Of course, the Advisory Committee has a lot to say about this. In its report, it freely recognizes the need to improve access to justice in French. It also incisively describes the problems that Francophone litigants encounter and suggests some daring solutions. I therefore felt compelled to go through the report and share my reflections with the community, which I have done in my blog posts over the last few months.
The work doesn’t end there, though. It’s now time to move from broad strokes to fine-tuning, and from there to execution. And I am confident that that will happen, in view of the determination of the Attorney General of Ontario to ensure that citizens have equal access to Ontario’s justice system in the official language of their choice and especially the establishment of a steering committee to develop an implementation plan for the report’s recommendations. The committee has already started work, and I’m very happy about that.
Obviously, improving a system with multiple stakeholders will take time, and I’m quite prepared to wait for systemic changes to be made that will ultimately guarantee equal access to justice in French for Ontario’s citizens.
But make no mistake: I intend to be patient, but not passive. I have already asked to be kept informed of the steering committee’s progress; I have met with officials of the provincial offences administration, who were very cooperative, by the way; I have sent a request for collaboration to the Law Society of Upper Canada; and most importantly, I have clearly stated that I expect government organizations that are informed of complaints involving vulnerable citizens (which litigants are, in my view) to adopt an approach that is based on being sensitive and taking responsibility.

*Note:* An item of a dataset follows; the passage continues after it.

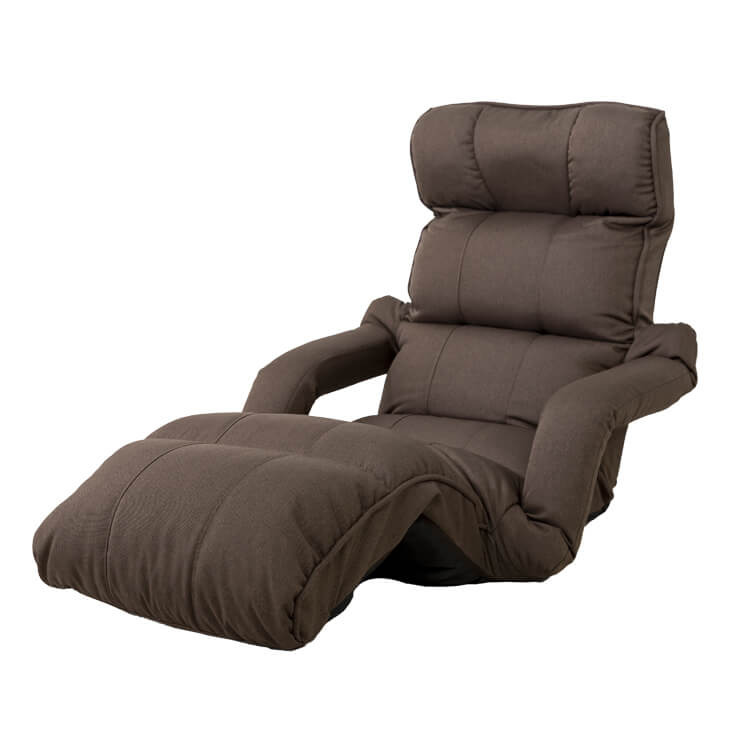 座椅子　1人掛けソファ　リクライニング　リクライニングチェア　ブラウン C/D:15504] リクライニングチェア ゼクス ブラウン ｜ ORDERING SHOP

Thus, it seems to me that this convergence of views among the various stakeholders in the justice system points to a reassuring future for Francophone litigants. Nevertheless, I strongly urge citizens who are having difficulty being heard in French in Ontario’s courts and other decision-making bodies, or, no less importantly, in actively obtaining support in exercising this right, to contact the Commissioner’s Office without apprehension. My team will see to it that all complaints are brought to the attention of the competent authorities for individual or systematic resolution, as appropriate.